Project 25: Trust-Centered UX for Human-Agent Collaboration

Design and instrument a human-facing interface that makes agent behavior inspectable, interruptible, and recoverable.


Quick Reference

Attribute Value
Difficulty Level 3: Advanced
Time Estimate 10-18 hours
Language TypeScript (Next.js)
Prerequisites UX fundamentals, Projects 6 and 10
Key Topics confidence UX, provenance, uncertainty messaging, override/rollback

Learning Objectives

  1. Present confidence and risk without misleading precision.
  2. Provide provenance and explanation affordances users can act on.
  3. Implement undo, override, and escalation pathways.
  4. Measure trust and correction behavior with UX telemetry.

The Core Question You’re Answering

“How do you design an agent interface users can trust without surrendering control?”

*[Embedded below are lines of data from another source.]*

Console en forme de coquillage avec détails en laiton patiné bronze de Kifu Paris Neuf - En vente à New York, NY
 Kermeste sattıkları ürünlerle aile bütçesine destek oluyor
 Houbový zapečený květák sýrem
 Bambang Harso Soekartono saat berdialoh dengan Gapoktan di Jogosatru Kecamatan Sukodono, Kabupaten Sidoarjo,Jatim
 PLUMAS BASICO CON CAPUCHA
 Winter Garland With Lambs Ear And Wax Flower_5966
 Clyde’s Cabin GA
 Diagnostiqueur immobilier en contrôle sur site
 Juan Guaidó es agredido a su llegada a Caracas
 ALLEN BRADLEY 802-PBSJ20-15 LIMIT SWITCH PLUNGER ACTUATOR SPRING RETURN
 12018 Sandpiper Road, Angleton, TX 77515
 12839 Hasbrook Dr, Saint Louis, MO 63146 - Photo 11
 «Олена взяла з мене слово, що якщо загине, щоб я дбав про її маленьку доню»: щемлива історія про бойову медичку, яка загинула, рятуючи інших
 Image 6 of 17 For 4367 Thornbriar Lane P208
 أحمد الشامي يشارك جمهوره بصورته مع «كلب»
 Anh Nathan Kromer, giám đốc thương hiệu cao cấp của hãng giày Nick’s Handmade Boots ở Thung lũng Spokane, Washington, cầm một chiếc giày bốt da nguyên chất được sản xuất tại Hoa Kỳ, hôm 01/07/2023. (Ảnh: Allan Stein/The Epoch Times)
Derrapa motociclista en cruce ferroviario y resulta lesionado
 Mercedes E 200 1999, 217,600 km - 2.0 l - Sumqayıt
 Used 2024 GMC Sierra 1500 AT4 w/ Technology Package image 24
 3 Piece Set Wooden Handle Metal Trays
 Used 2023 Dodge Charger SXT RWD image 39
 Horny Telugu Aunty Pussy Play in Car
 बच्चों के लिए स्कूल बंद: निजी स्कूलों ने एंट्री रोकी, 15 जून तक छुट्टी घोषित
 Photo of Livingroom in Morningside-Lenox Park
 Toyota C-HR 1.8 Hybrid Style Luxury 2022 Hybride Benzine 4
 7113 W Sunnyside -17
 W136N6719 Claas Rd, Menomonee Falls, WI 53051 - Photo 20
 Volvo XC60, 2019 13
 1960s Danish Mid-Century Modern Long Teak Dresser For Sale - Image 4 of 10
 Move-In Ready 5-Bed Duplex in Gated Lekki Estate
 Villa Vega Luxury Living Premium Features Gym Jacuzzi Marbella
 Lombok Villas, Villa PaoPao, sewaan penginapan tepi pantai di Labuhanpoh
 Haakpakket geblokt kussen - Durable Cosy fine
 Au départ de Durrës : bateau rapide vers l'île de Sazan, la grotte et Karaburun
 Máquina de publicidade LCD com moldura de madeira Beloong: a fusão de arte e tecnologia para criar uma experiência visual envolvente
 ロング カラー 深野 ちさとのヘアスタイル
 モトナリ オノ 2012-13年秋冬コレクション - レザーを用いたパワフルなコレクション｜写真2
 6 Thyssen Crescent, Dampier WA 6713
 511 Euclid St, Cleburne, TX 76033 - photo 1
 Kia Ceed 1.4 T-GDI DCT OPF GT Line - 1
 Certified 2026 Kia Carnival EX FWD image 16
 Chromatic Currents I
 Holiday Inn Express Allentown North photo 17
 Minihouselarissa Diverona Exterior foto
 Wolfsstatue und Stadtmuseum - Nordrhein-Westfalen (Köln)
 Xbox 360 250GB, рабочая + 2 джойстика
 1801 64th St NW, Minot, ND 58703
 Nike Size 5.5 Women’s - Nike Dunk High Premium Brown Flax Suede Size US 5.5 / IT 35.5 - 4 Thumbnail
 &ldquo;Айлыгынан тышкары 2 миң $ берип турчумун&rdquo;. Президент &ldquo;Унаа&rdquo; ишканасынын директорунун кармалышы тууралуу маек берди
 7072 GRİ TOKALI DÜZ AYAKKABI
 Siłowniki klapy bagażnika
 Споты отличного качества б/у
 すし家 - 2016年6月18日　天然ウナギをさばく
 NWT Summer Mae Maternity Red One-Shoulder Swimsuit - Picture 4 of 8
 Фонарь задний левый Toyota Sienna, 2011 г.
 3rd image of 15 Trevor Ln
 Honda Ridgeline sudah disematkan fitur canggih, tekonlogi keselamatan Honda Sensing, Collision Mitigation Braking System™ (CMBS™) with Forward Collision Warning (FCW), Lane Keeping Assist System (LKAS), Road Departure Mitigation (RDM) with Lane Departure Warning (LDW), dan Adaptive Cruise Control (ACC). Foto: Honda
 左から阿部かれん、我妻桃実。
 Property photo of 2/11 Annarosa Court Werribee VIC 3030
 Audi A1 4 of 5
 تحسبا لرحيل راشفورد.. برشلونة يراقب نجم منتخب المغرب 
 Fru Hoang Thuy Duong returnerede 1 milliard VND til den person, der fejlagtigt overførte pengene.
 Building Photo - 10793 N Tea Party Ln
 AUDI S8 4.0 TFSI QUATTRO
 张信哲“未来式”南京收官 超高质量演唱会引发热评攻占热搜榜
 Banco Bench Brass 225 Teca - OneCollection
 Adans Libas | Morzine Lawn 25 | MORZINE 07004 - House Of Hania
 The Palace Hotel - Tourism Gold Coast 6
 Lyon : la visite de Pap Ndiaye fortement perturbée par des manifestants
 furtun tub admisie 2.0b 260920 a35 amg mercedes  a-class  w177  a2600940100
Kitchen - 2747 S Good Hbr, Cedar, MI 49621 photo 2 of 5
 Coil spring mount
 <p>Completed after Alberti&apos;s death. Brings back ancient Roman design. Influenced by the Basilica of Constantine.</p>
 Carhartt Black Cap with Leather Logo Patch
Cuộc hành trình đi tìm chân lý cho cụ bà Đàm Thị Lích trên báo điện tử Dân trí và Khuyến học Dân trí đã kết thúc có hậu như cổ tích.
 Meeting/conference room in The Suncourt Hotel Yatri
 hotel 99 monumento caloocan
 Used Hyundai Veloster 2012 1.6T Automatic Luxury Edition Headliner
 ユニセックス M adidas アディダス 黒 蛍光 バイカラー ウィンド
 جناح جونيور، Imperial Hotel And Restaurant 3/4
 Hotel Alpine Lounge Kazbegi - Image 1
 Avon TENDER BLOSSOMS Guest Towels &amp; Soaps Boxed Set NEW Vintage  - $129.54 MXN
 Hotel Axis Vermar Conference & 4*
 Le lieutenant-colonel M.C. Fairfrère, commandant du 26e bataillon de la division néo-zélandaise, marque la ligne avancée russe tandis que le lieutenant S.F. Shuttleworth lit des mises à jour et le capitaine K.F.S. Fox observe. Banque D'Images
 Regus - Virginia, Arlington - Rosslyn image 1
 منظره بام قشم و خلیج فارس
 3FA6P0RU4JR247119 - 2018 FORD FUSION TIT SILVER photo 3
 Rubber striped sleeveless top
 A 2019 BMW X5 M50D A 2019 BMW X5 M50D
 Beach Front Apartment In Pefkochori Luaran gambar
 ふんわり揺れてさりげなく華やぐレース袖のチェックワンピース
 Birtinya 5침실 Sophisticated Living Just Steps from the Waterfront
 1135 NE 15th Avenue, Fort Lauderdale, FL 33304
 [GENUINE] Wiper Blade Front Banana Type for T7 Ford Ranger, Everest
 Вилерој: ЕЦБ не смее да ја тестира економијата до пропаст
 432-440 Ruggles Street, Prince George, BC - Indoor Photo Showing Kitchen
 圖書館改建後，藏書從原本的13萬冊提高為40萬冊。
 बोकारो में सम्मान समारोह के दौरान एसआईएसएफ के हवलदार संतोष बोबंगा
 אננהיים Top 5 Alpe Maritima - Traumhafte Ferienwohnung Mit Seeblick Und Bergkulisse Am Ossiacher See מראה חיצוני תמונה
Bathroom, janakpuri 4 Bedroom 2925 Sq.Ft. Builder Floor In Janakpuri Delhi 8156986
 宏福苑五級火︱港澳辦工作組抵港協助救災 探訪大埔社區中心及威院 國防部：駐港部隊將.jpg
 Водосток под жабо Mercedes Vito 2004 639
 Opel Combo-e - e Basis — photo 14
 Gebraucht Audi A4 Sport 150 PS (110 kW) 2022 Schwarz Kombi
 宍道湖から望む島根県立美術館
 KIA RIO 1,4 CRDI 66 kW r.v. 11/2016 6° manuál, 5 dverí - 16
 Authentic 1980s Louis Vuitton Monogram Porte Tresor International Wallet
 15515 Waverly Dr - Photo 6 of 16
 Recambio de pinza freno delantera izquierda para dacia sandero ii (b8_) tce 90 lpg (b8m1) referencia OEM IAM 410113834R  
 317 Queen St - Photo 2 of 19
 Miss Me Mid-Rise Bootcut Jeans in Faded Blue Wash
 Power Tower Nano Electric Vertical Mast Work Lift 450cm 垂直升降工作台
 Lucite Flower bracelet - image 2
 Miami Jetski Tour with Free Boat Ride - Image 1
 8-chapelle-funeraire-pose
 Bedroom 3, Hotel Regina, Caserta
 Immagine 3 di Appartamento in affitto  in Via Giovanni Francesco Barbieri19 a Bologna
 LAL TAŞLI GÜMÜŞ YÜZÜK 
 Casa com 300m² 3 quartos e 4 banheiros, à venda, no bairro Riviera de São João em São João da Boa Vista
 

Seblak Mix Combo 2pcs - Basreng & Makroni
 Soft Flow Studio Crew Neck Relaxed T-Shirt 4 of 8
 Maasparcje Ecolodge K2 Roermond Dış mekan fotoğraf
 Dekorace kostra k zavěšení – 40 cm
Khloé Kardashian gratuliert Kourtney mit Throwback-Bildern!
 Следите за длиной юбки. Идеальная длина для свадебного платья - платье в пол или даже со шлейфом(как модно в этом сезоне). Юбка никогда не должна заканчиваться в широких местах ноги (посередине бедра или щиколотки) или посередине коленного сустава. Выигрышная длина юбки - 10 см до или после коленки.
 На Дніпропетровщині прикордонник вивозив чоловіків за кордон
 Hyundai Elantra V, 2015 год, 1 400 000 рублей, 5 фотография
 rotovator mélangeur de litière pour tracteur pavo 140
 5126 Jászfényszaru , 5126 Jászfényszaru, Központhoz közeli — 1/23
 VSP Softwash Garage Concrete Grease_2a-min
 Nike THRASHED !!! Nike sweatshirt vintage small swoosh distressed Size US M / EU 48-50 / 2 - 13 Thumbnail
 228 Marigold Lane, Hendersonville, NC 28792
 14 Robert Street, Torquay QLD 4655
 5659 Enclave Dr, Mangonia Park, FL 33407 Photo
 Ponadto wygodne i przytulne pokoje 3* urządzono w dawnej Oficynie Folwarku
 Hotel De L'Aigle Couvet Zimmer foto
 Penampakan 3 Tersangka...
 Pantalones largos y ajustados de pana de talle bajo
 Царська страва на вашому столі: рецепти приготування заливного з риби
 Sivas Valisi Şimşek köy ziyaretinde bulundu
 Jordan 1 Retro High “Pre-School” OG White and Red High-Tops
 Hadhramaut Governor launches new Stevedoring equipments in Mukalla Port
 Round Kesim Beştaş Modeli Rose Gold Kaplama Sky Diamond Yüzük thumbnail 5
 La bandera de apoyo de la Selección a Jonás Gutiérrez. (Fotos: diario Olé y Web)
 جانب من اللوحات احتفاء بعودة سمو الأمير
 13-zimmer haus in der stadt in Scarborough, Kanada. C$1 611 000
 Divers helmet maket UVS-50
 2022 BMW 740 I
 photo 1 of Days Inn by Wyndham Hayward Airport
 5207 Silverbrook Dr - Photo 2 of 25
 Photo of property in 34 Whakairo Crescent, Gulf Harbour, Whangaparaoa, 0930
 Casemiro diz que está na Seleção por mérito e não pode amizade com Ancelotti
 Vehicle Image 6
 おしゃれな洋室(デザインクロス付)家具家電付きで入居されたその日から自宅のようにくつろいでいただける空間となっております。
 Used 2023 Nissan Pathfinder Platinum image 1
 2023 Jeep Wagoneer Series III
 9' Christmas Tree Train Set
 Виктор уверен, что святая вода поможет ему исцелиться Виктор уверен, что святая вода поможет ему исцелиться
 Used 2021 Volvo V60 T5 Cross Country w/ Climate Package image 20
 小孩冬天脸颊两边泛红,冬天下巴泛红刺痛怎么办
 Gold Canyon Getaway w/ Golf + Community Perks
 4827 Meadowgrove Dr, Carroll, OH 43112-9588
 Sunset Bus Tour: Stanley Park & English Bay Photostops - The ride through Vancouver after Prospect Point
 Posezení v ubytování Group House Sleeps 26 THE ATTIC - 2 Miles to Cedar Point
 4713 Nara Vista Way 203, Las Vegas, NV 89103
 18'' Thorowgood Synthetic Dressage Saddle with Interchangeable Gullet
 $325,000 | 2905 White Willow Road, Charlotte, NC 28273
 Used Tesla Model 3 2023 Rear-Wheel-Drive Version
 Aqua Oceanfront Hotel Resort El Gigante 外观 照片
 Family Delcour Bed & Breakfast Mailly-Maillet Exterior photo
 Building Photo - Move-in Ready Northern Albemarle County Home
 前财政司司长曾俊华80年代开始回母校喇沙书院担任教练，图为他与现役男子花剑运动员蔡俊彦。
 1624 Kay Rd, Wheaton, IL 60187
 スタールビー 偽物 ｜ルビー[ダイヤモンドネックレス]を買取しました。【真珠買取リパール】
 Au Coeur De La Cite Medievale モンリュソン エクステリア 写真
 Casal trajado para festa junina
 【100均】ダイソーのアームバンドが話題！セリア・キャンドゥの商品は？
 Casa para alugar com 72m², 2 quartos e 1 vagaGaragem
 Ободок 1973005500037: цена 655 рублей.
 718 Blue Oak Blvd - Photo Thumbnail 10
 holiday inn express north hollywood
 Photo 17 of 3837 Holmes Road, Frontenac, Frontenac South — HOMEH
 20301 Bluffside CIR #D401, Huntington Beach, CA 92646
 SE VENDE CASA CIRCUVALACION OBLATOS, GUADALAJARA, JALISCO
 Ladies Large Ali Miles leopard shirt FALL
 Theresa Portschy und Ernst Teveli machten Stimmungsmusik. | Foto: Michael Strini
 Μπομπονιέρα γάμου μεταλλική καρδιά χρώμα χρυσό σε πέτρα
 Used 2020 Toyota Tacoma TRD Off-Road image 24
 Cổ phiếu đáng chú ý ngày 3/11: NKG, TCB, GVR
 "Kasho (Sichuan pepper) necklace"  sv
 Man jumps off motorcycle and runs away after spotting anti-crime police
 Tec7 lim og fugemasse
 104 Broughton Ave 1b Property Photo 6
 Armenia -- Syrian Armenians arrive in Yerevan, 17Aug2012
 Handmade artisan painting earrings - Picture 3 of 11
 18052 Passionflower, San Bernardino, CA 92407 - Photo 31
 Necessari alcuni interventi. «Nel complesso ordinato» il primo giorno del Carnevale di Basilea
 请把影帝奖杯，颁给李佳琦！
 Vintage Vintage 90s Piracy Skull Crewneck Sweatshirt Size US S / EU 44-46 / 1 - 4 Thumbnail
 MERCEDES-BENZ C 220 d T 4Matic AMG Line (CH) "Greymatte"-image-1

Concepts You Must Understand First

Concept Why It Matters Where to Learn
Trust calibration Prevents overtrust and undertrust HCI references
Provenance UX Supports verification explainability guidance
Escalation patterns Handles high-risk outcomes product design patterns
Context repair loops Maintains conversation quality conversational UX methods

Theoretical Foundation

Agent Decision -> Confidence/Risk UI -> User Response -> Override/Escalation -> Outcome + Telemetry

Trust emerges from clear controls and recoverability.


Project Specification

What You’ll Build

A web interface with:

  • Confidence and risk badges
  • Explain/provenance drawer
  • Clarification and disambiguation prompts
  • Override and rollback actions

Functional Requirements

  1. Display confidence + uncertainty labels
  2. Show source provenance links
  3. Provide one-click human override
  4. Support multi-turn correction flow

Non-Functional Requirements

  • Consistent risk language
  • Accessible controls
  • Low-friction recovery actions

Real World Outcome

$ npm run p25:demo
[ui] confidence=0.62 risk=MEDIUM provenance_links=3
[user] clarify_prompt_used=true
[override] action=blocked_and_edited_by_user
[rollback] rollback_id=rb_7a2 status=complete

Architecture Overview

UI Layer -> Decision Explainer -> Provenance Service -> Override API -> Telemetry Sink

Implementation Guide

Phase 1: Risk/Confidence Display

  • Build normalized labels and visual language.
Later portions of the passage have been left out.